The implications of immigration and the browning of America command the attention of polit-ical candidates and policymakers, but the biggest change in the nation’s hues has nothing to do with white, black or brown: It’s an ocean of gray.
By 2030, as the first Baby Boomers approach their 85th birthdays, the numbers of Americans that age and older are projected to rise by half, according to Census bureau estimates. And by 2050, those levels will have tripled from 2010, reaching 19 million. And that’s just for the oldest of the old.
Among the Boomers, the population of Americans 65 and older will grow even more dramatically, reaching roughly 75 million by 2035 and 88 million by 2050. Which raises the question: Where are they all going to live?
Thanks to advances in construction techniques and aging-in-place processes, a fair number will continue to live at home until their last days. Tens of millions more, though, will spend their final years in some form of senior living—at an independent-living center, in an assisted-living setting or in a nursing home.
Do the math: As of 2010, roughly 1 million Americans were living in senior-care facilities, and current estimates are that the nation’s supply of living units for the elderly is running at 90 percent capacity. If even a fraction of the “newly old” must move out of their homes for health or financial reasons, the nation is looking at a significant housing crunch. But experts say it won’t be explosive growth; rather, it will phase in gradually over the next generation because the projected peak housing demand for seniors is 15 to 20 years away.
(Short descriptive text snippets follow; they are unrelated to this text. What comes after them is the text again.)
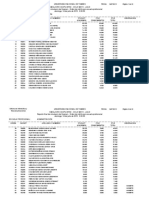 Resultadosim 192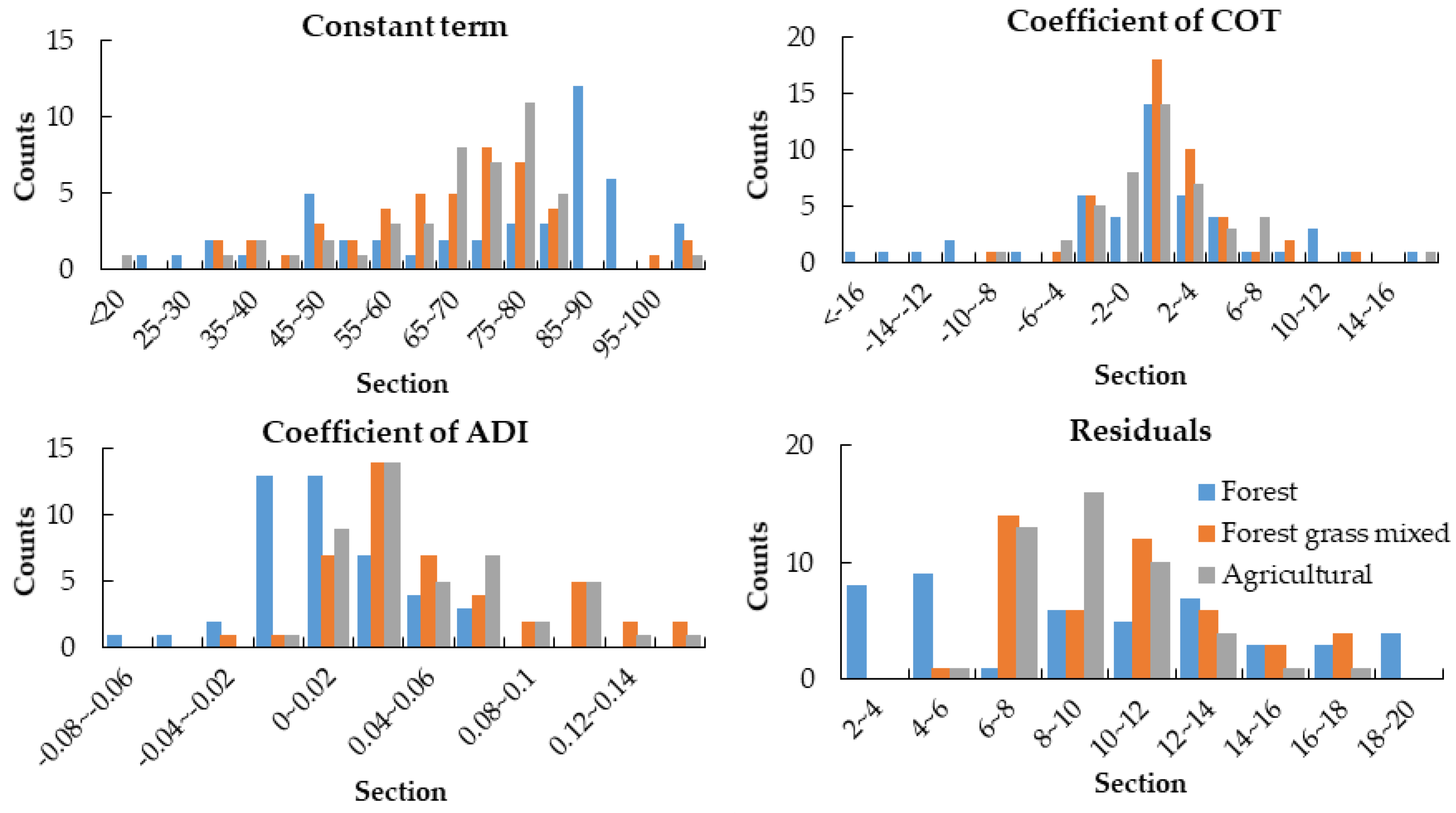 Remotesensing 12 03641 g006 Remotesensing 12 03641 g006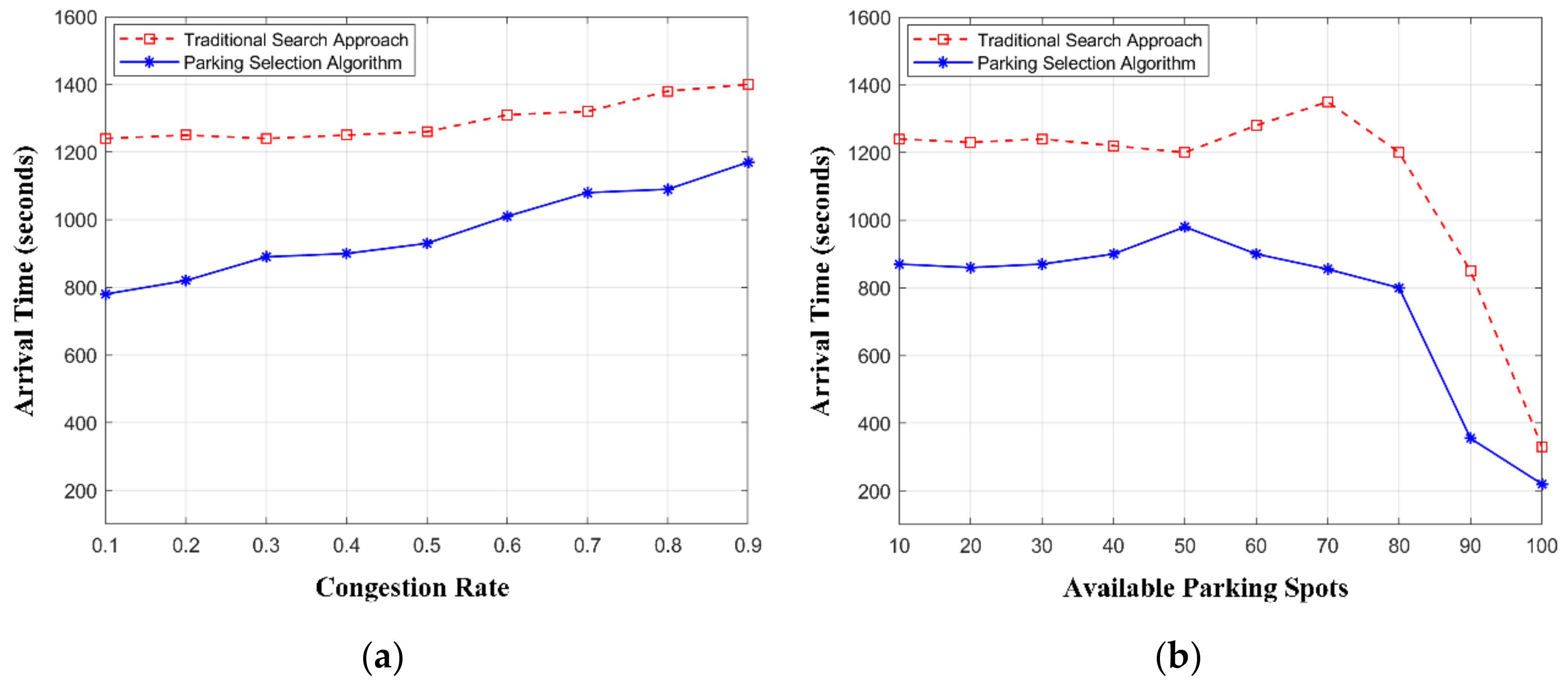 Electronics 10 03184 g009 550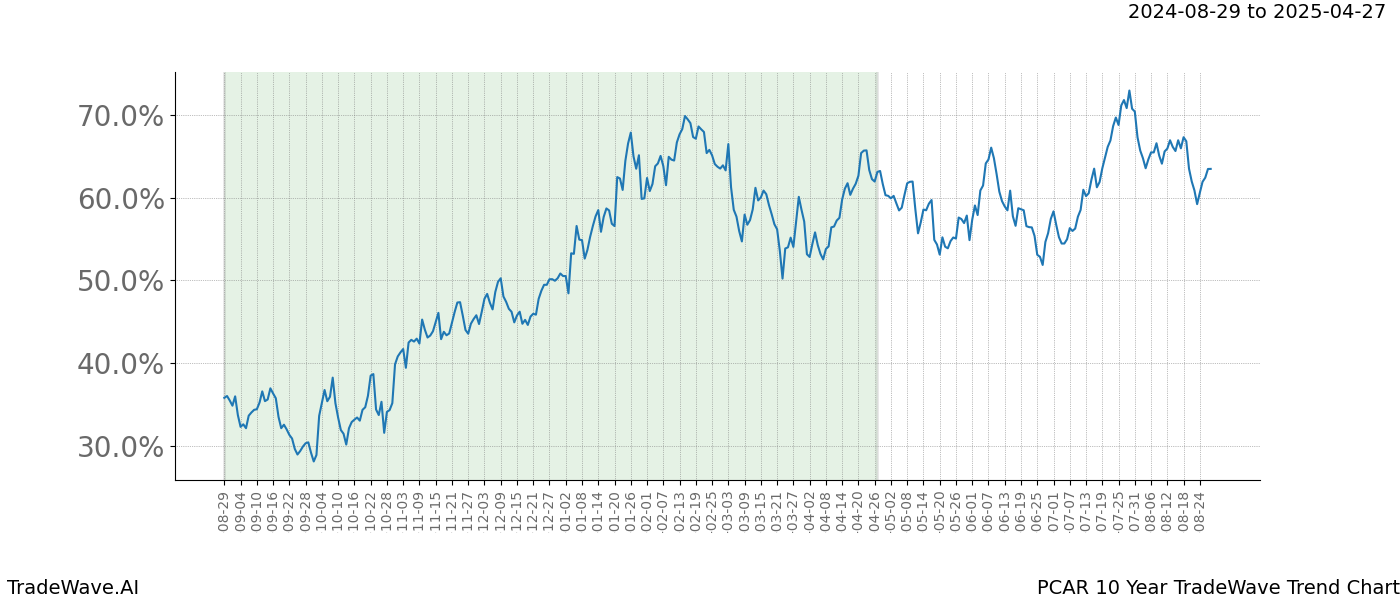 TradeWave Trend Chart PCAR shows the average trend of the financial instrument over the past 10 years.  Sharp uptrends and downtrends signal a potential TradeWave opportunity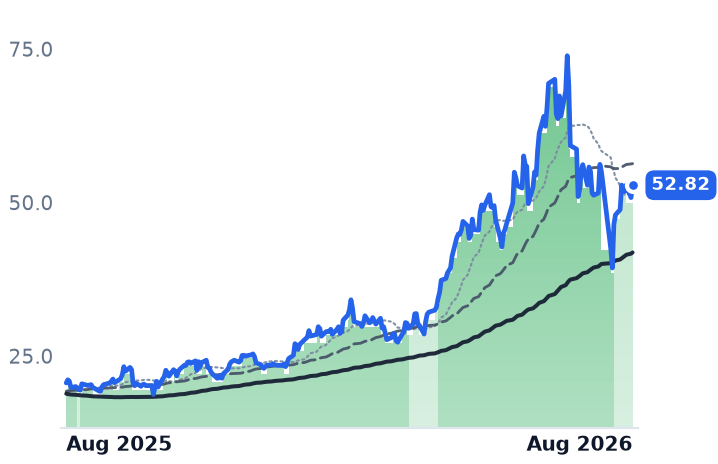 COHU 12-month price
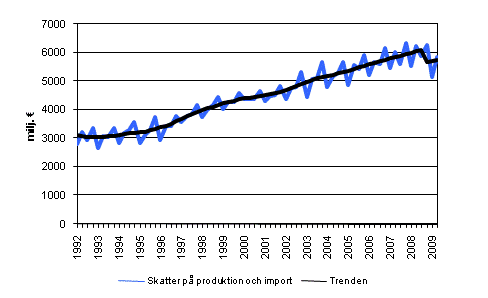 Skatter p produktion och import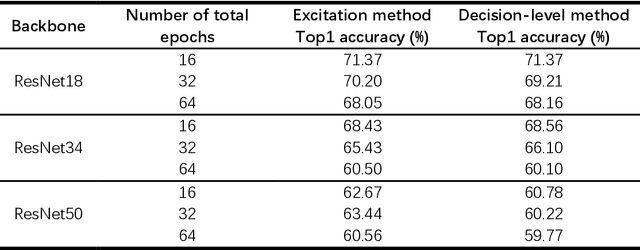 Figure 4 for Identification of morphological fingerprint in perinatal brains using quasi-conformal mapping and contrastive learning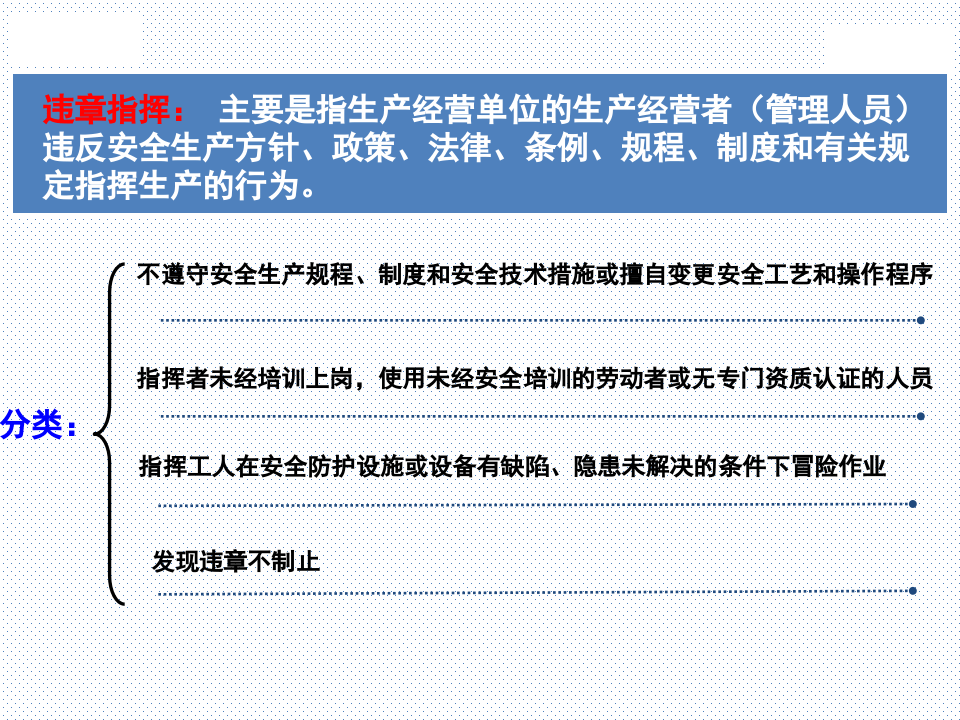 车间班组反三违培训课件.pptx 第3页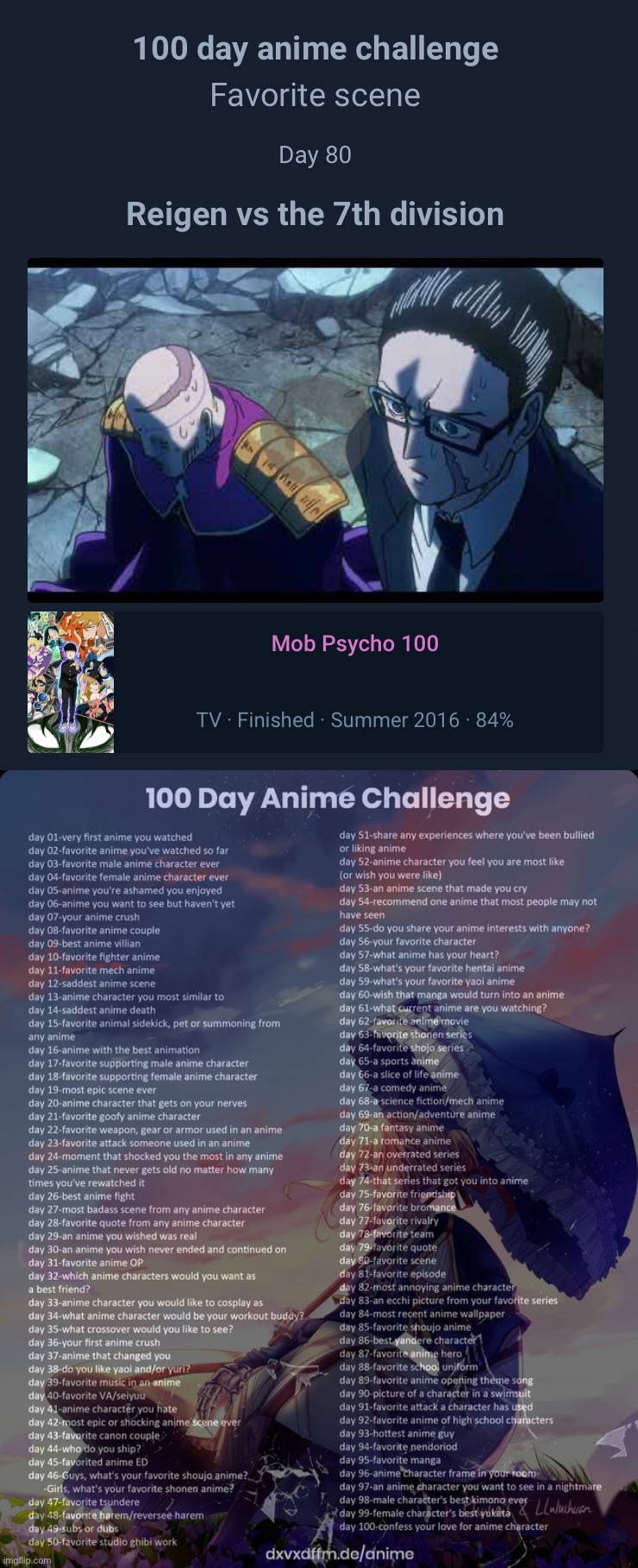 image tagged in 100 day anime challenge | made w/ Imgflip meme maker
According to Boston-based Lux Research, the construction market for senior housing worldwide will more than double within the next decade, to $127 billion in the G20 nations. But rather than an explosion, that works out to a manageable increase of 8 percent a year.
But it will come unevenly, with retirement-friendly regions of the country experiencing considerably higher growth rates in that population. And it will change the very nature of the nation’s housing stock, with smaller homes that require less effort to get around, with more affordable homes, to manage the financial challenges for at the two-thirds of the Baby Boomers with little to no retirement savings to date, and with amenities aimed at improving the quality of life for those with age-related disabilities.
One other age-related impact related to senior living: Investing. According to the National Association of Real Estate Investment Trusts, the growth in investment trusts related to construction in health care venues has outpaced most other real-estate investing in recent years, and that demand for new housing is expected to keep that investment sector humming for another generation.